The Wall Street Journal reports that age complaints in particular are on the rise, as claims of age discrimination are at their highest levels. Researchers point out that it may be more difficult for older workers to find new comparative employment than those newer to the workforce, and that older workers could be more heavily targeted because "the senior staffers are generally the highest paid and have the most lucrative benefits," says David Grinberg, Equal Employment Opportunity Commission spokesperson.
Boost in Revenue for Regional Firms
If anyone can be considered a winner in the current economy, mid-sized regional firms might fit the bill, reports the American Lawyer. Those that are able to offer quality work at a lower price may stand to profit from cost-cutting at large companies, where general counsel are looking for less expensive firms. Enter the mid-sized regional firm, particularly those that have already been contracted for smaller projects in the past. Robert Feit, general counsel at Paoli, Pennsylvania-based electronics manufacturer Ametek, has started contracting more work with mid-Atlantic firm Saul Ewing because, he says, "we do a lot of transactions, and we use the larger New York firms. But that is very expensive. So we decided, 'Let's try someone in our backyard that has all the capabilities we need.'" Feit's strategy seems to typify the trend, which still steers high-end deals to the top firms but deems mid-sized firms, with typically 100-300 lawyers, "more than capable" for bread and butter work. This doesn't mean that the mid-sized firms aren't suffering due to the economy, as layoffs seem to be a reality across the board—Saul Ewing cut 12 administrative employees in January. Will the mid-sized firms retain their coup when the economy regains strength? Only time will tell whether the relationships established in the tough times will be strong enough to make it.

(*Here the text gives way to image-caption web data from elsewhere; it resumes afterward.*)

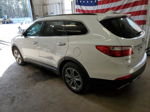 2013 Hyundai Santa Fe Gls Белый vin: KM8SNDHF7DU016944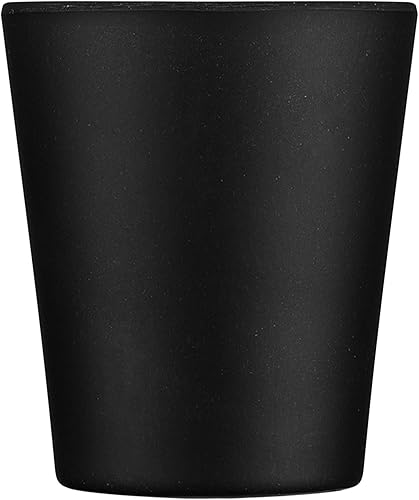 Miniatura 2 de Ecoffee Cup Taza de café reutilizable de 8 onzas, ecológica, 100% a base de plantas, con tapa y funda de silicona, sin melamina y biodegradable,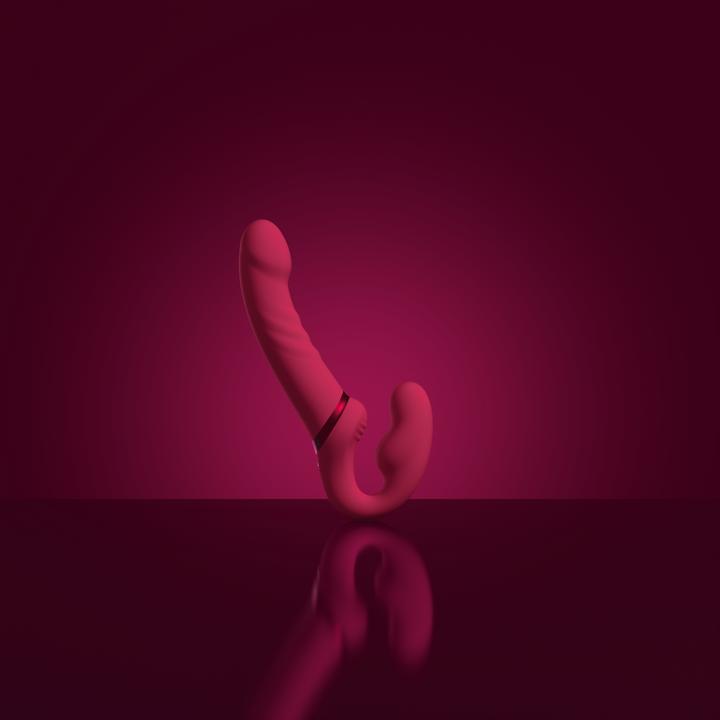 Actual product image Lovense Lapis strap-on vibrator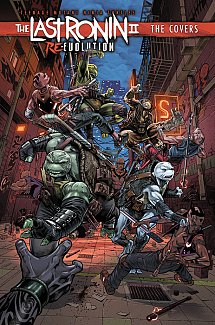 Teenage Mutant Ninja Turtles: the Last Ronin: Re-Evolution--The Covers (Hardcover)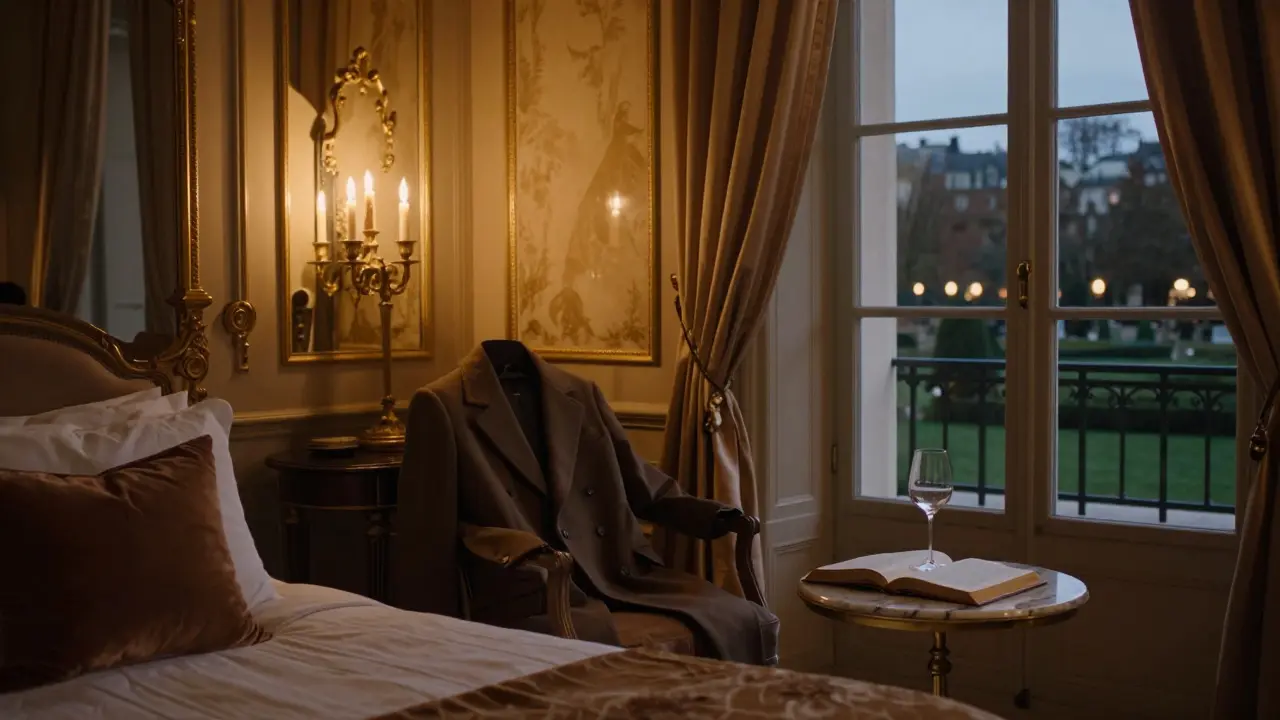 The Top 5 Most Luxurious Hotels to Stay in with Your Escort in Paris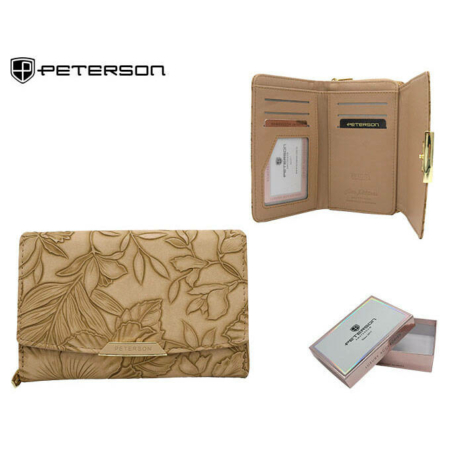 PETERSON PTN 001-FL öko bőr RFID pénztárca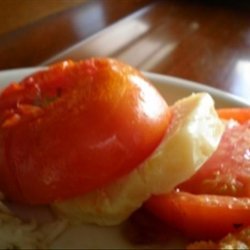 Tomato and Mozzarella Burger recipe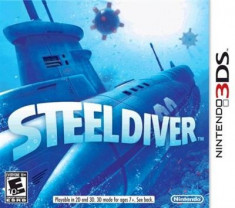 Steel Diver Nintendo 3Ds foto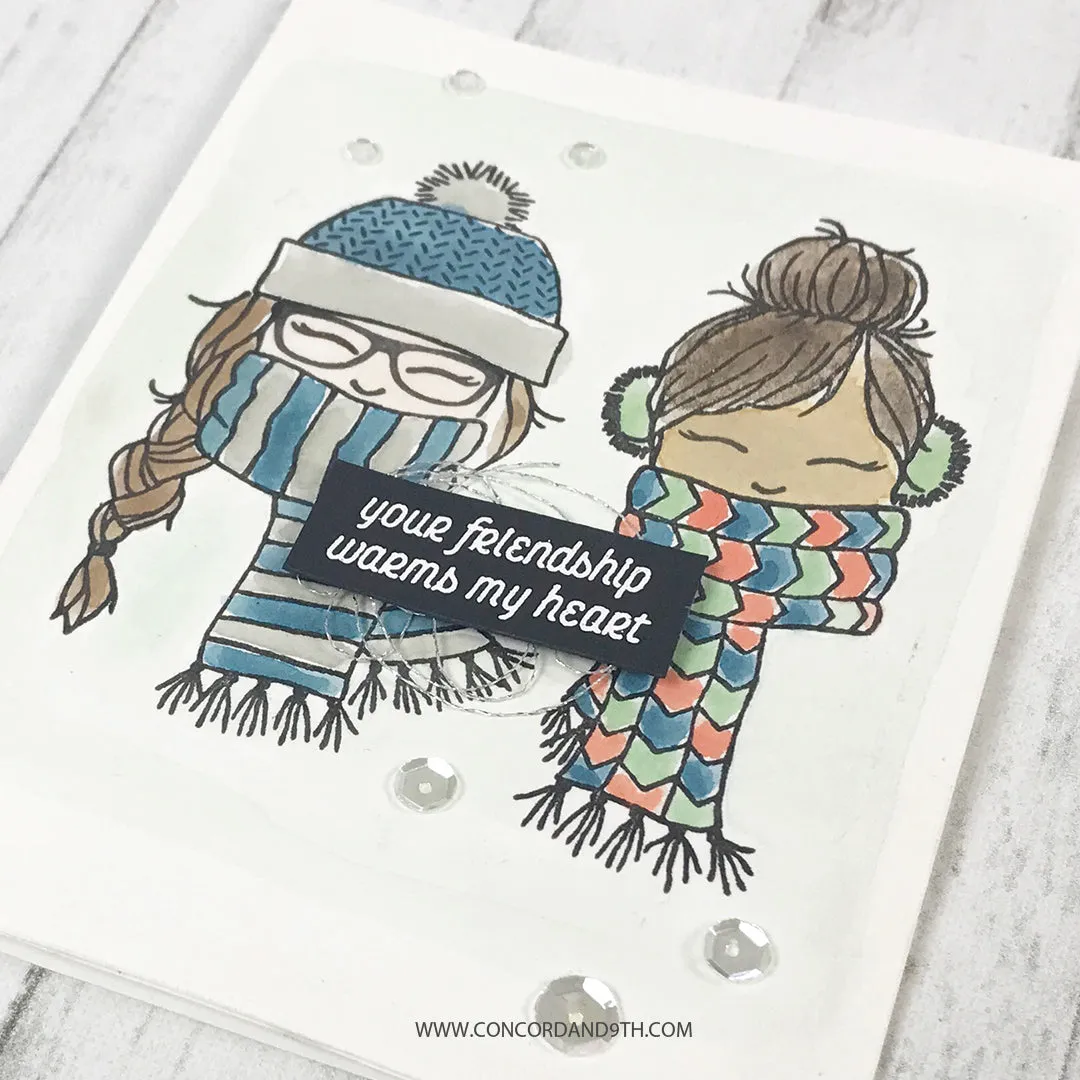 Winter Wear Stamp Set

Data Breaches Break the Bank
Paying the price for data breaches goes beyond the nickel and dime, involving deeper issues such as loss of customer trust, reports washingtonpost.com. According to a new study by Tucson-based research firm Ponemon Institute, an average of $6.6 million was spent by firms that had experienced data breaches in order to "rebuild their brand image and retain customers." Costs averaged $202 per compromised customer record, and included hiring forensic experts, costs associated with notifying customers such as setting up telephone hotlines, and discounts applicable to future services and products. Indirect but equally significant are costs that are less tangible—customer turnover due to loss of trust. Says Gerhard Watzinger, of computer security firm McAfee, "We're seeing a shift in attitude about these preventative technologies from one of a cost center to being a potential revenue generator. With all of these well-publicized data breaches, companies are finding out how expensive it is to repair things after the fact because the pain organizations suffer from a data breach now is pretty high."
Classroom Wait-Out
Looks like business is booming . . . in the classroom? The Wall Street Journal reports that despite the woes in the legal job market, law schools are experiencing an upward surge in applications. Applications to Washington and Lee University in Virginia rose 29 percent from last year, while the University of Texas School of Law and Yale Law School both have seen an 8 percent increase in applications. Across the nation, total applications are up by over 2 percent from last year. Educators surmise that college grads are seeking safe harbor from the economy in higher education, anticipating that the job market will improve while they wait it out. Richard Geiger, associate dean of enrollment at Cornell University Law School, which has seen applications rise 8 percent, says "there are a lot of people who have decided they will not test the job market as a graduating senior from college." School administrators point out that a law degree is a solid investment and that lawyers will play a central role in a variety of fields affecting the economy for years to come. University of North Carolina in Chapel Hill senior Claire Arnett put her plans to move to New York City after graduation on hold and, instead, applied to law school, reasoning that a law degree is useful in a variety of fields, not just the law. Says Ms. Arnett, "Whether I end up practicing, I feel like it's a good degree to have."